Of all the lines below, output only those starting at the one with "傅氏宗谱：十卷：[成都] - 第18页预览图" and ending at the one with "South African vs", both ends included, exactly as written.
RECORDS SHOWN START
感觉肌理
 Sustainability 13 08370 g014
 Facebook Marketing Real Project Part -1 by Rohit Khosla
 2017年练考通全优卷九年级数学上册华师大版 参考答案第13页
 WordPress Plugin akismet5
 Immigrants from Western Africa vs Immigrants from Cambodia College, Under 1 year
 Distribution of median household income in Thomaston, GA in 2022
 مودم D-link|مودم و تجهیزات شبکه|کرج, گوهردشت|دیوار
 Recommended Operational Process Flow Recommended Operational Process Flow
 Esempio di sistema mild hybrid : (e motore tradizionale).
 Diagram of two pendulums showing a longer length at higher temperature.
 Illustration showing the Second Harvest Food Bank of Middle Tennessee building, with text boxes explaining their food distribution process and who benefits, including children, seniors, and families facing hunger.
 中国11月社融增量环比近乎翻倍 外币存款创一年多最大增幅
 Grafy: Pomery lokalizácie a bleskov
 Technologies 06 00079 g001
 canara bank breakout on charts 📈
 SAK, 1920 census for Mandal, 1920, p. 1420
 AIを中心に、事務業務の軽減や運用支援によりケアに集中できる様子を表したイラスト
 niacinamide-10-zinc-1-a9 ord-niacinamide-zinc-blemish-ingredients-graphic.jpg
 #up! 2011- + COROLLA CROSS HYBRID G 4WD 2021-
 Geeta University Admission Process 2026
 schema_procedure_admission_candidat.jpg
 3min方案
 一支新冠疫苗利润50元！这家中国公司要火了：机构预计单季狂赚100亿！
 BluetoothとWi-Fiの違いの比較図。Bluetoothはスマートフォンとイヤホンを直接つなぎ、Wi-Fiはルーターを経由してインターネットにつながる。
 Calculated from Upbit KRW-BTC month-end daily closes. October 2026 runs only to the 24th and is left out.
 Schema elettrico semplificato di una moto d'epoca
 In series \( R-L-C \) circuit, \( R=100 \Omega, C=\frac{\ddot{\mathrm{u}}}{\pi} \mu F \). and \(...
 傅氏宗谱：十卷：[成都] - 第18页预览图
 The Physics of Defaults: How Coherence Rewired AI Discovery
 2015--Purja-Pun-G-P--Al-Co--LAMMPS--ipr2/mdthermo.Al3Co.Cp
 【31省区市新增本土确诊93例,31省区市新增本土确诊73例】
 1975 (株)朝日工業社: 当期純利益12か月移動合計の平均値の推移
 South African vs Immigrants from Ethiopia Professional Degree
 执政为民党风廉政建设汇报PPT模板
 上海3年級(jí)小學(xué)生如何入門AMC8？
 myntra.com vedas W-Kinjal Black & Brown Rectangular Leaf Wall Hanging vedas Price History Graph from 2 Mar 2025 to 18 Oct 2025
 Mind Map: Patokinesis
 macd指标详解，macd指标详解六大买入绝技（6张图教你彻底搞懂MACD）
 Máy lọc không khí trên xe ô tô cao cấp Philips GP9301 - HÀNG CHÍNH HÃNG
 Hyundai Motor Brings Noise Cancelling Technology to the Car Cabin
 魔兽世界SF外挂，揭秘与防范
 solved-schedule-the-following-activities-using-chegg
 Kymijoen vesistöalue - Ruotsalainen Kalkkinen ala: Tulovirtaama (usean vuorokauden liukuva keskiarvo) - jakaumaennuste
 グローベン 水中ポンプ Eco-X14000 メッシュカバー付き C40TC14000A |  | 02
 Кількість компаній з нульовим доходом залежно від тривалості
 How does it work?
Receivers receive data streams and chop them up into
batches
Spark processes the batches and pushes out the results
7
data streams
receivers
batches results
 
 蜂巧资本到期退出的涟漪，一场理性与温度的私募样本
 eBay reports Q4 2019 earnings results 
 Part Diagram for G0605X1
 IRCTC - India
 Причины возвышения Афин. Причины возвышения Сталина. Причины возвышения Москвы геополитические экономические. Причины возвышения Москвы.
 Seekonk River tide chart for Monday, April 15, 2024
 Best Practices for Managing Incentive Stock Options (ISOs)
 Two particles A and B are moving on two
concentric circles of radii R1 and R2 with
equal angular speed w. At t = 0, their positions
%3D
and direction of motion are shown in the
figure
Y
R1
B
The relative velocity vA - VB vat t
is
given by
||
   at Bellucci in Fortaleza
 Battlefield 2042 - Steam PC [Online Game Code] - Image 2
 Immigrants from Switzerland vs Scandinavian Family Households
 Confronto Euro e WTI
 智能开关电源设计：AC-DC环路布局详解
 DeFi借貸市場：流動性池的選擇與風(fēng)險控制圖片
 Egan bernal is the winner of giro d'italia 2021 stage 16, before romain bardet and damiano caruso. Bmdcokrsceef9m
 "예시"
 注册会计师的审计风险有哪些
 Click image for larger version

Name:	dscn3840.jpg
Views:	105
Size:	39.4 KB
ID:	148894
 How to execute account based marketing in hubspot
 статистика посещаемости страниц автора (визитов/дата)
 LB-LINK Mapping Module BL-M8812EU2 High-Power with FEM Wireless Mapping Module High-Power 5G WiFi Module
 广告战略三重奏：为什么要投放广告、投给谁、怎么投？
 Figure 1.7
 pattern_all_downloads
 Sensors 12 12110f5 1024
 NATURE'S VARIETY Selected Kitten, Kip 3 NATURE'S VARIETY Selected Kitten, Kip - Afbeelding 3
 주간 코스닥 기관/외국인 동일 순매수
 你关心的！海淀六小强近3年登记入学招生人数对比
RECORDS SHOWN END
_RESPONSE AREA_
 傅氏宗谱：十卷：[成都] - 第18页预览图
 The Physics of Defaults: How Coherence Rewired AI Discovery
 2015--Purja-Pun-G-P--Al-Co--LAMMPS--ipr2/mdthermo.Al3Co.Cp
 【31省区市新增本土确诊93例,31省区市新增本土确诊73例】
 1975 (株)朝日工業社: 当期純利益12か月移動合計の平均値の推移
 South African vs Immigrants from Ethiopia Professional Degree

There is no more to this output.